Back in the 1960s, the Army experimenting with mind-altering drugs on soldiers. Now it just wants to know what's in the minds. Actually, a system that record brain and body responses to stimuli could figure out what the solider needs to know.
Written by ZDNet UK, Contributor

The Army and DARPA are working on a system that will, wait for it ... read soldier's minds. Yes, we've come that far. Federal Computer Week explains:

The augmented cognition system uses neuro-physiological sensors that assess a warfighter’s attention by measuring and recording brain activity and body responses, including heart rate, and adapting to his preferred learning style.

Using that data, the system will then influence the way the soldier gets information, according to a Jan. 17 statement from the Army’s Natick Soldier Center in Natick, Mass. The technology will help individual warfighters determine the most important information available and decide the best course of action in varying environments.

It's all part of the ominously named Future Force Warrior program.

The system will be primarily closed-loop, which means it will interpret a soldier's cognitive, emotional, and physical state and then prioritize information through the system for the solider alone.

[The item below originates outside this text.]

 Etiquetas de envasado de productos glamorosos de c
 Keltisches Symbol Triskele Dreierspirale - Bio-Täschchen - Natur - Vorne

But it can be designed to be open-looped, meaning it would funnel information from the warfighter to someone in another location.

The wireless technology will be integrated into communications, computer, and intelligence systems under development in the Army’s Future Force Warrior, a program that uses next-generation protection, communications and firepower technologies that makes soldiers better protected and lethal in combat. The service hopes to incorporate the technology into Future Force Warrior by 2007.